> WHAT IS NEEDED
Exact copies of all the lines below are needed, without the pictures.

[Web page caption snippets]

■ ■ ■ ■ ■ ■ ■

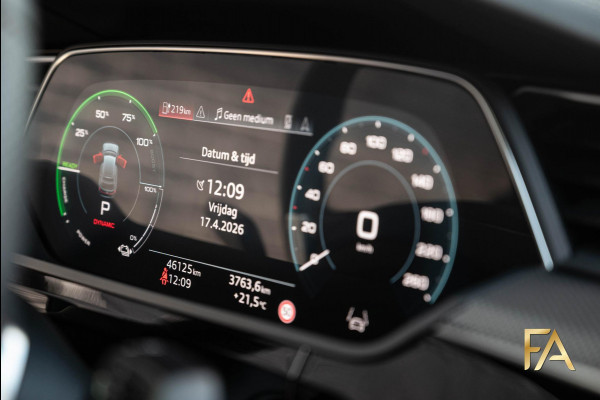 Audi e-tron Sportback S quattro 95 kWh 504PK|Panodak|Ruitleder|Carbon|22Inch|Trekhaak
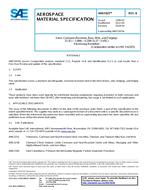 SAE AMS5925 Revision B SAE AMS5925 Revision B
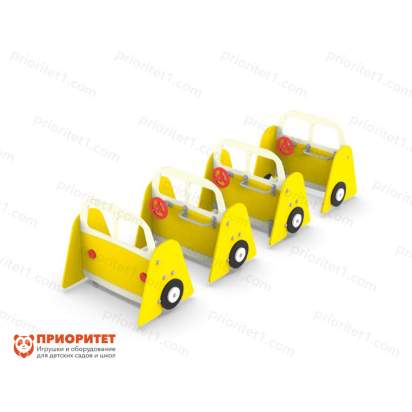 Игровой модуль «Путешествие»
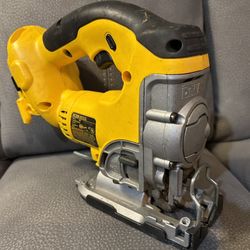 Dewalt DC330 HD 18V Variable Speed Jigsaw Cordless 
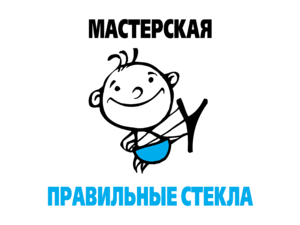 Pravilnye Stekla Logo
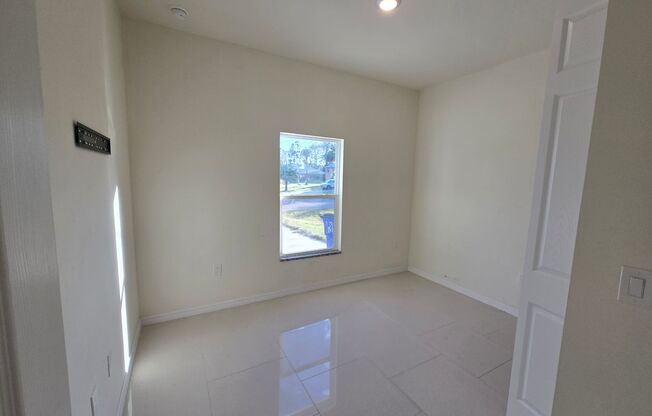 Great location, close to ST RD 82-Three bedroom/2 bathroom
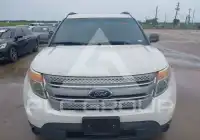 2012 Ford EXPLORER photo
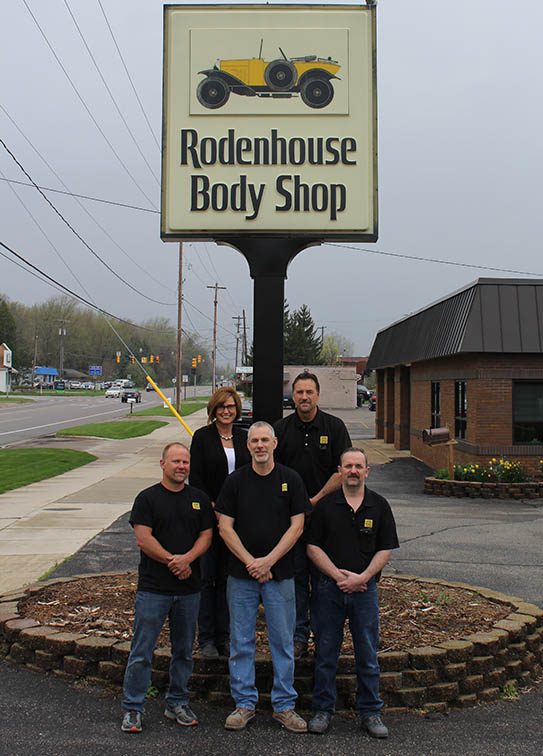 The Rodenhouse Body Shop Team Grand Rapids, MIRodenhouse Body Shop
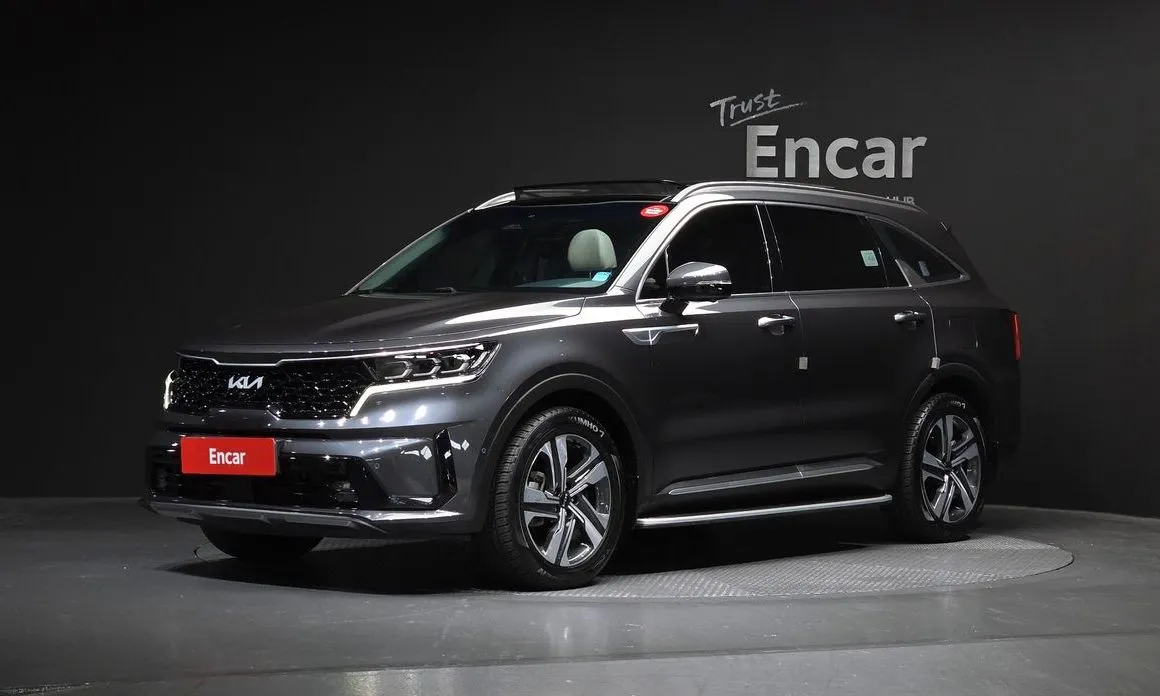 Kia Sorento — фото 1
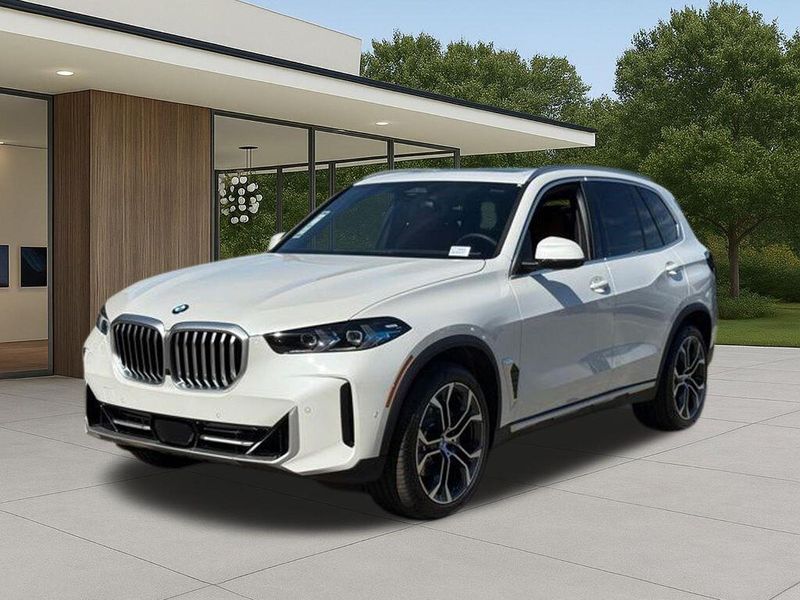 New 2026 BMW X5 xDrive40iImage 2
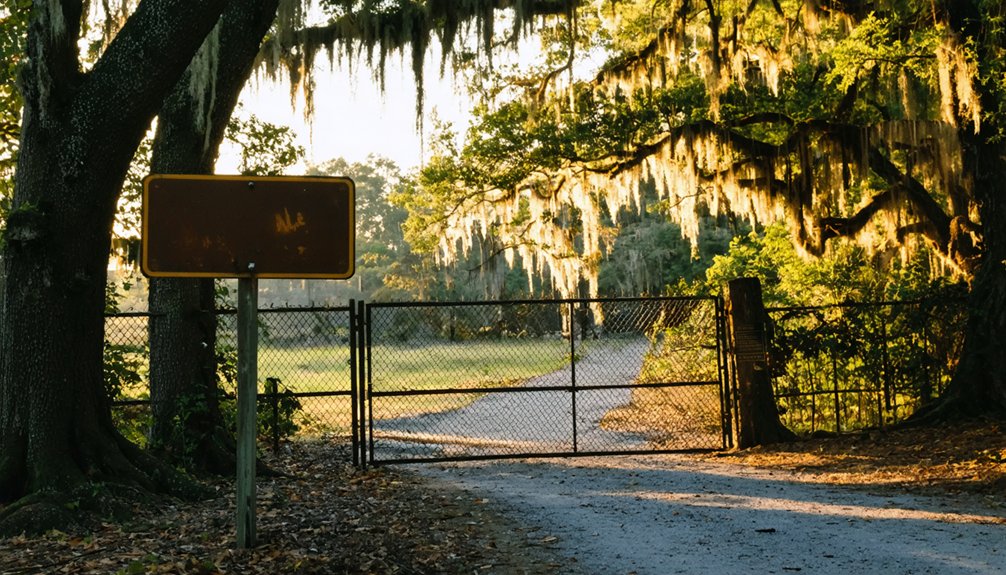 mississippi parks prohibit metal detecting
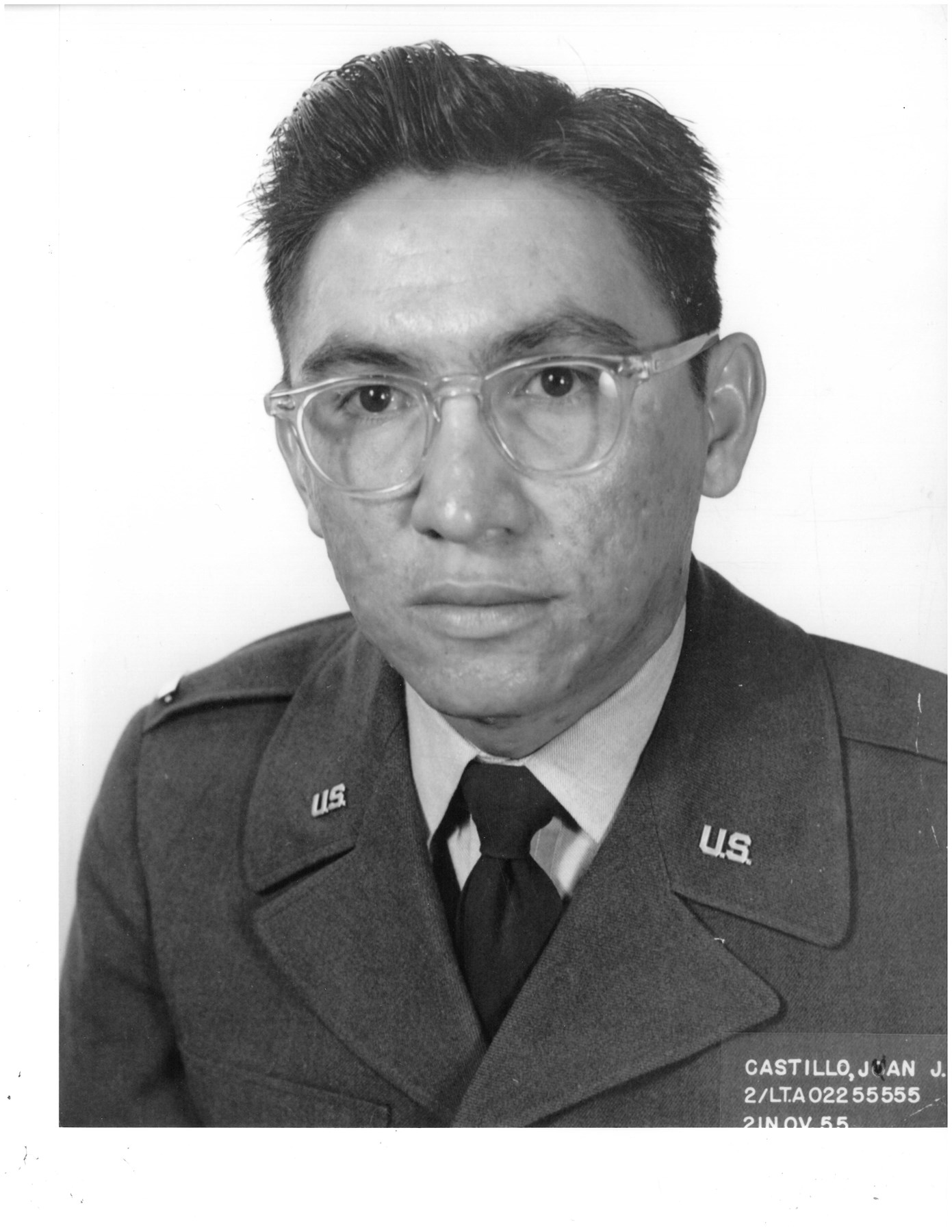 Avis de décès de Juan J. Castillo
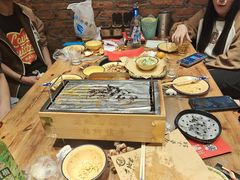 -香约老地方烧烤(九道街店)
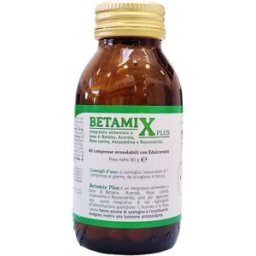 HERBOPLANET Srl BETAMIX PLUS 80 Cpr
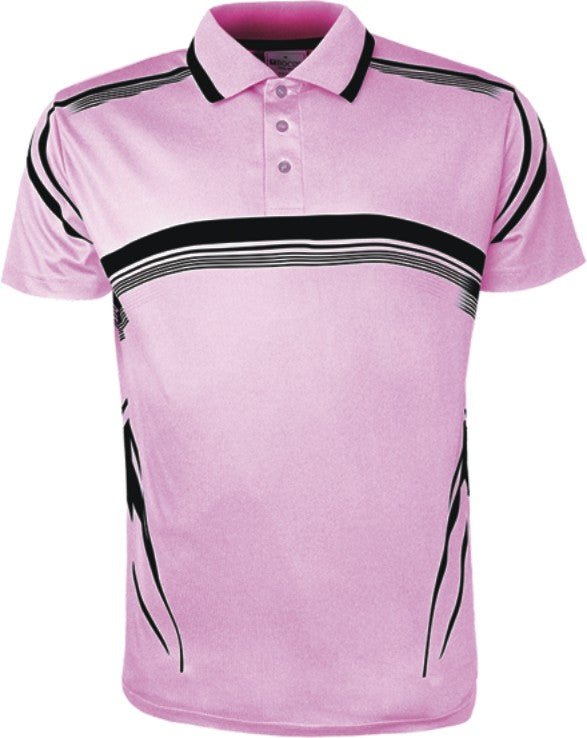 KIDS SUBLIMATED GRADATED POLO –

■ ■ ■ ■ ■ ■ ■

> OUTPUT OF THE EXERCISE
 Audi e-tron Sportback S quattro 95 kWh 504PK|Panodak|Ruitleder|Carbon|22Inch|Trekhaak
 SAE AMS5925 Revision B SAE AMS5925 Revision B
 Игровой модуль «Путешествие»
 Dewalt DC330 HD 18V Variable Speed Jigsaw Cordless 
 Pravilnye Stekla Logo
 Great location, close to ST RD 82-Three bedroom/2 bathroom
 2012 Ford EXPLORER photo
 The Rodenhouse Body Shop Team Grand Rapids, MIRodenhouse Body Shop
 Kia Sorento — фото 1
 New 2026 BMW X5 xDrive40iImage 2
 mississippi parks prohibit metal detecting
 Avis de décès de Juan J. Castillo
 -香约老地方烧烤(九道街店)
 HERBOPLANET Srl BETAMIX PLUS 80 Cpr
 KIDS SUBLIMATED GRADATED POLO –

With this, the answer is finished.